Einer der größten Vorteile der Sport- und Pro-Rahmen von SIMGASM ist der Fokus auf einen aufgeräumten und wartungsfreundlichen Aufbau. Beim Sport-Rahmen werden die Kabel mithilfe mehrerer Durchführungen intern durch die Konstruktion geführt. So kannst du die Verkabelung von vorn nach hinten und nach oben verlegen, ohne externe Clips zu benötigen. Dadurch bleibt das Rig auch dann ordentlich, wenn du Schalthebel, Handbremsen, zusätzliche Bildschirme oder Motion-Hardware ergänzt.
Empfohlener SIMGASM-Aufbau für ClubSport-DD-Nutzer
- Cockpit: SIMGASM Sport Simulator für die meisten Fahrer; SIMGASM Pro Simulator, wenn du die Verstellbarkeit eines Flaggschiff-Modells und maximale Steifigkeit möchtest.

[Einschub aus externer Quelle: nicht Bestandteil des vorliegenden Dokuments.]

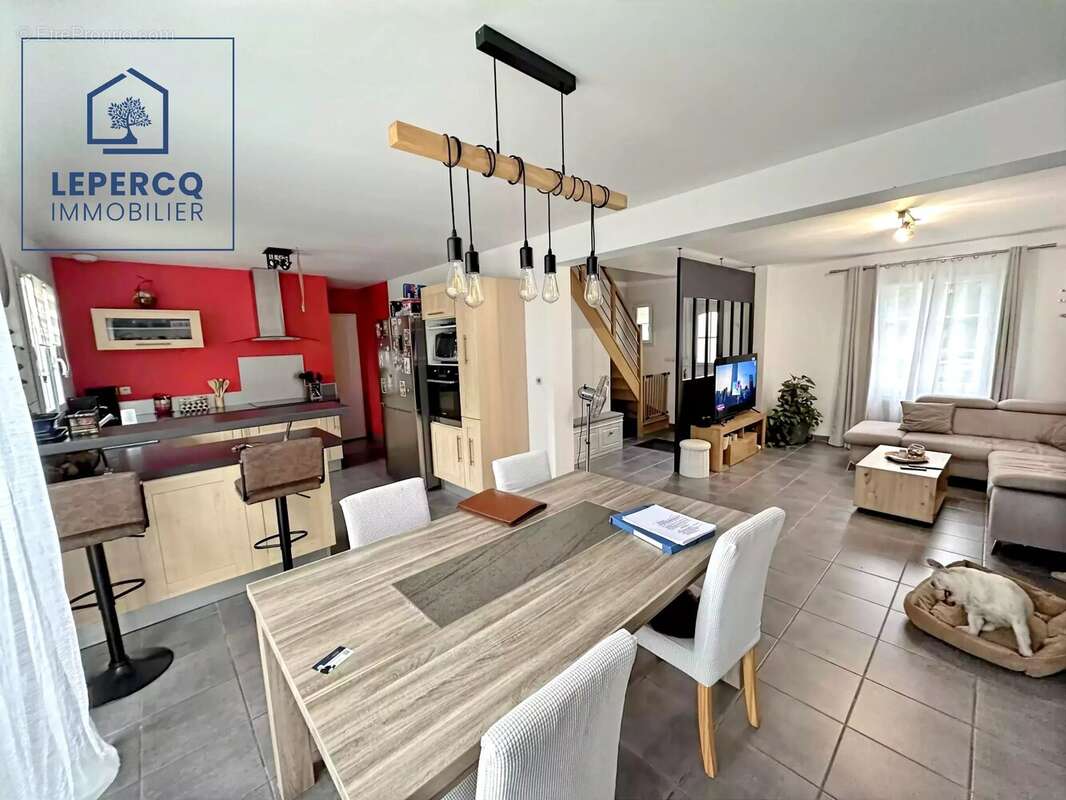 Maison 4 chambres - 40min roissy cdg - photo 3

- Lenkradmontage: Basisset für die Lenkradhalterung plus Front-Lenkradhalterung (oder seitliche Fanatec-Lenkradhalterung, wenn deine Montagesituation von seitlicher Abstützung profitiert).
- Sitz: Atlas GT Sitz für ein fest umschließendes GT-Gefühl oder der Core Recline Sitz, wenn Komfort und ein leichter Einstieg Priorität haben.
- Monitorlösung: Sorge mit dem freistehenden Apex Dreifach-Monitorständer (freistehend) oder dem integrierten Apex Dreifach-Monitorständer (integriert) für stabile Bildschirme.
Zwei kleine Prüfungen, die 90 % aller Probleme nach dem Motto „Mein Lenkrad fühlt sich falsch an“ verhindern
- Prüfe vor der Abstimmung auf Flex. Wenn sich das Wheel Deck bewegt, reduziere diese Bewegung zuerst: Ziehe Verbindungen fest, verbessere die Halterungen und beseitige Schwachstellen.
- Prüfe die Ergonomie vor dem Drehmoment. Wenn deine Arme zu weit ausgestreckt oder deine Schultern angehoben sind, fühlt sich das Lenkrad unabhängig von den verwendeten Einstellungen schwer und inkonsistent an.